Today’s coronavirus news: Results of Public Health survey show overall satisfaction with response to the virus; President Donald Trump takes break from coronavirus task force

The latest coronavirus news from Canada and around the world Saturday. This file will be updated throughout the day. Web links to longer stories if available.

9:24 a.m.: Rural Jerauld County in South Dakota didn’t see a single case of the coronavirus for more than two months stretching from June to August. But over the last two weeks, its rate of new cases per person soared to one of the highest in the nation.

“All of a sudden it hit, and as it does, it just exploded,” said Dr. Tom Dean, one of just three doctors who work in the county.

As the brunt of the virus has blown into the Upper Midwest and northern Plains, the severity of outbreaks in rural communities has come into focus. Doctors and health officials in small towns worry that infections may overwhelm communities with limited medical resources.

And many say they are still running up against attitudes on wearing masks that have hardened along political lines and a false notion that rural areas are immune to widespread infections.

8:28 a.m.: The Vatican says someone who lives in the same Vatican hotel as Pope Francis has tested positive for coronavirus, adding to the 11 cases of COVID-19 among the Swiss Guards who protect him.

The Vatican said Saturday that the resident of the Domus Sanctae Marthae has moved out temporarily and is in isolation, as are all the people who came into direct contact with him.

8:23 a.m.: Public Health Sudbury & Districts released the results of a community survey on the health unit’s response to the first wave of COVID-19 in October.

The results of the evaluation were included in the agenda of the board of health’s monthly meeting held on Oct. 15 via Skype.

In total, 788 surveys were completed by community members in PHSD’s service area – about 92 per cent of respondents resided in Greater Sudbury, while 7.7 per cent of respondents lived in the Sudbury and Manitoulin districts.
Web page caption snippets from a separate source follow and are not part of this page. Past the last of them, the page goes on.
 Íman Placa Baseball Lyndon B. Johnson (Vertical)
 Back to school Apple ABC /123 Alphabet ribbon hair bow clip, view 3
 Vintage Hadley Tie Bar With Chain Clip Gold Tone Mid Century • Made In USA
In terms of overall satisfaction, almost three-quarters of respondents indicated that they were satisfied with Public Health’s response to the first wave, with 41.6 per cent indicating that they were very satisfied, and 31.2 per cent indicating that they were somewhat satisfied.
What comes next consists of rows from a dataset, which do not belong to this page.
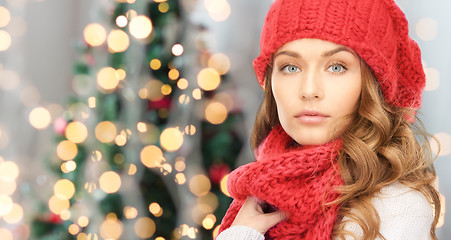 Image showing close up of young woman in winter clothes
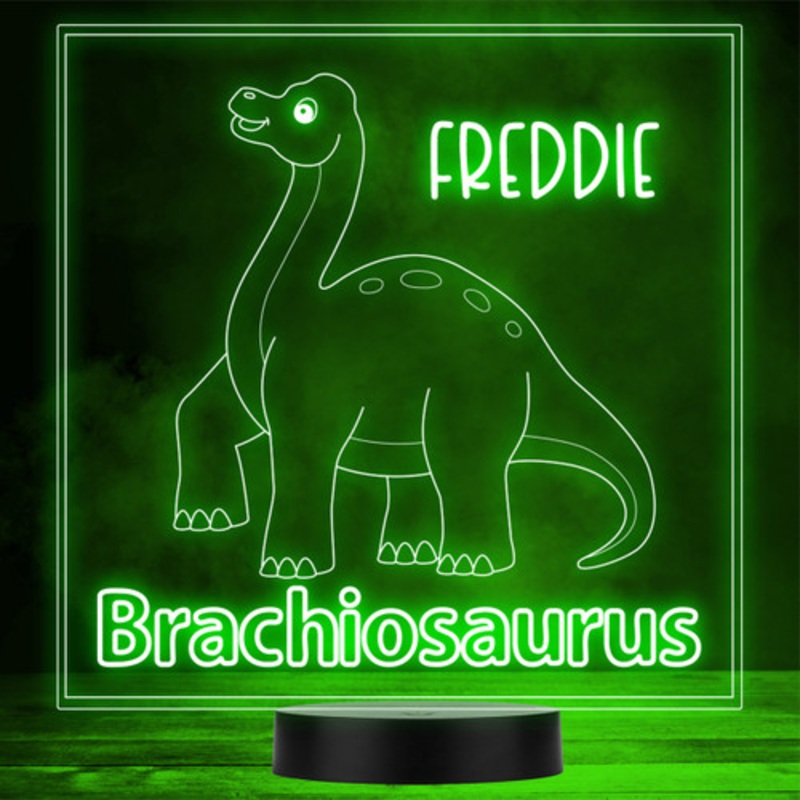 Kids Brachiosaurus Dinosaur Fan Cute LED Personalised Gift Night Light – The Card Zoo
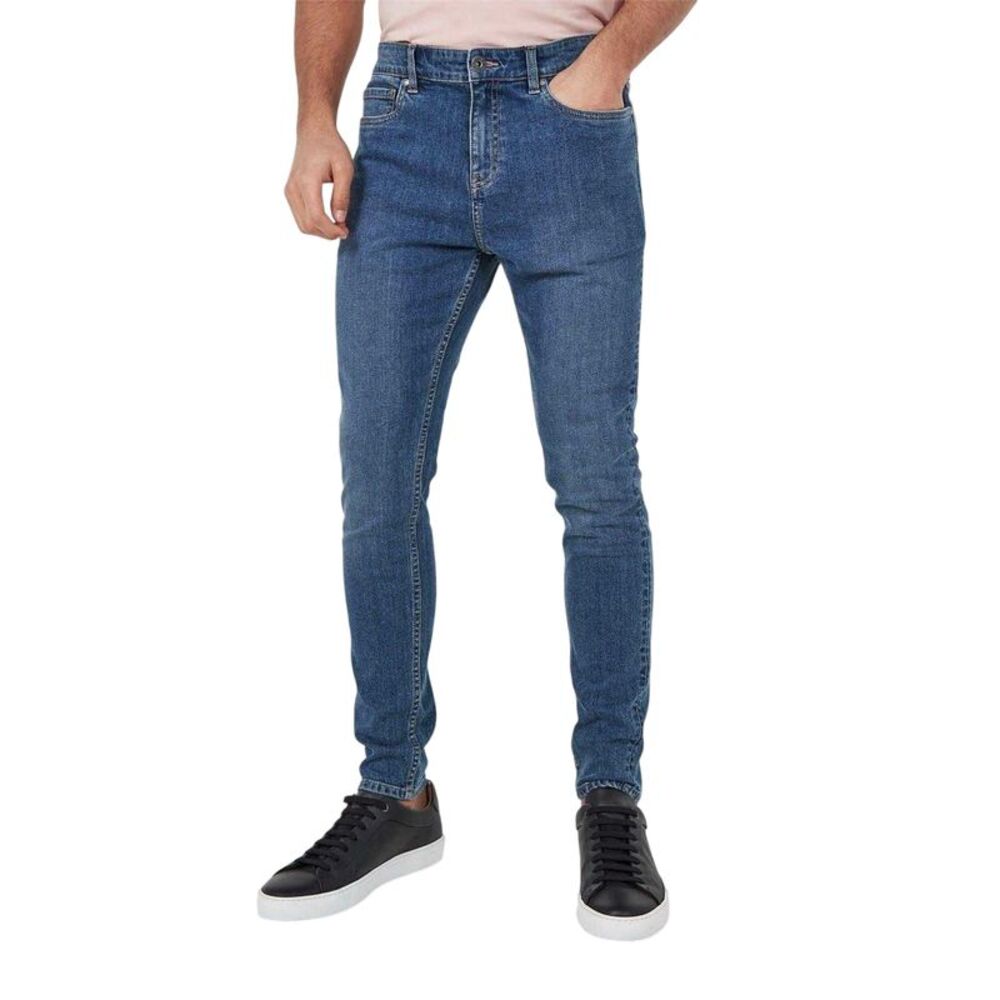 Firetrap Mens Logo Super Skinny Jeans / Mid Wash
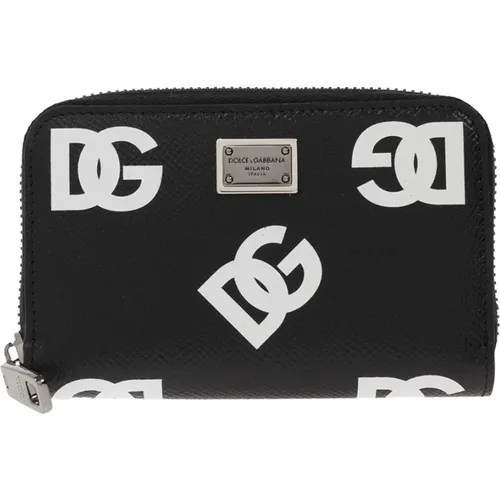 Leder Geldbörse/Kartenhalter mit Reißverschluss - Dolce & Gabbana - Modalova
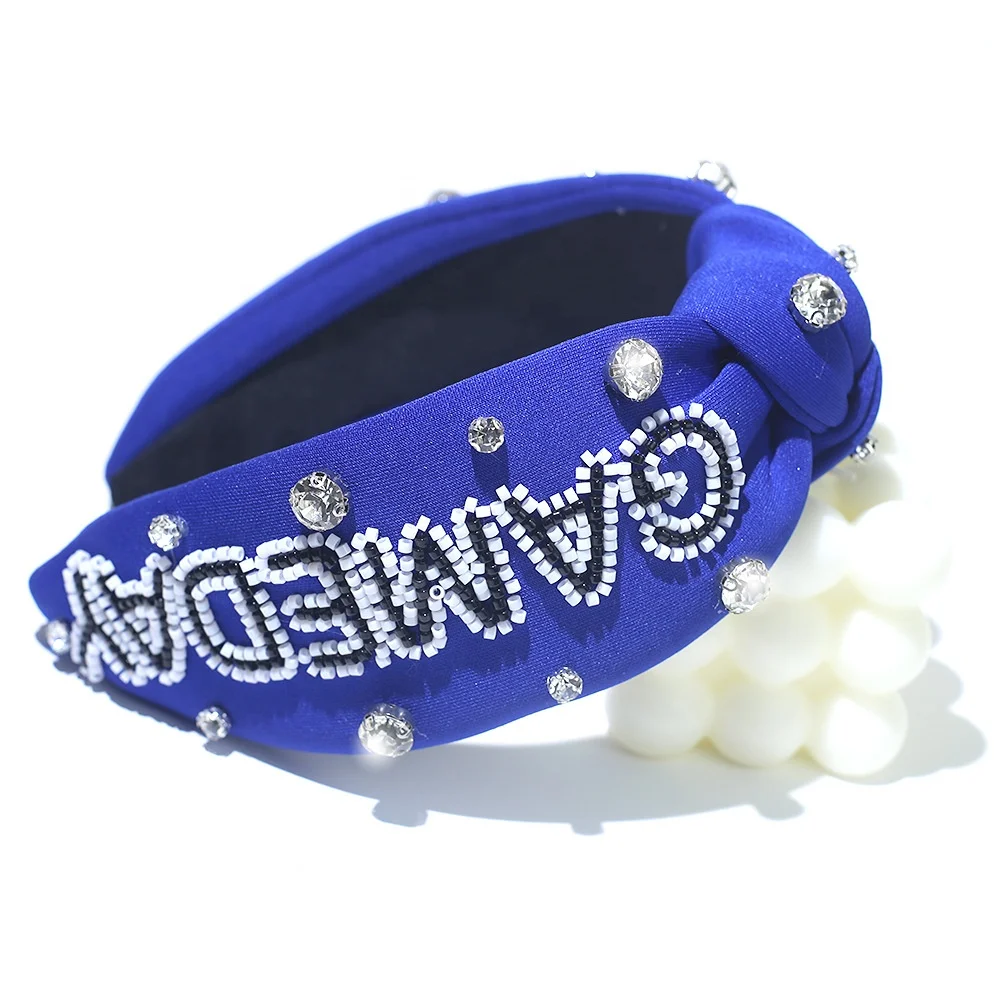Fashionable  Game Day Hair Accessories Crystal GAMEDAY Knotted Headband Seed Bead Knot Headbands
“The results indicate that the agency’s response and supporting processes and structures during the first wave of the pandemic were adequate, appropriate, and effective,” said the report published by Public Health.

8:21 a.m.: There are 194,109 confirmed cases in Canada.

Quebec: 91,018 confirmed (including 6,018 deaths, 76,512 resolved)

Ontario: 62,908 confirmed (including 3,031 deaths, 54,004 resolved)

Alberta: 21,775 confirmed (including 288 deaths, 18,651 resolved)

British Columbia: 11,189 confirmed (including 251 deaths, 9,387 resolved)

Manitoba: 3,173 confirmed (including 38 deaths, 1,533 resolved)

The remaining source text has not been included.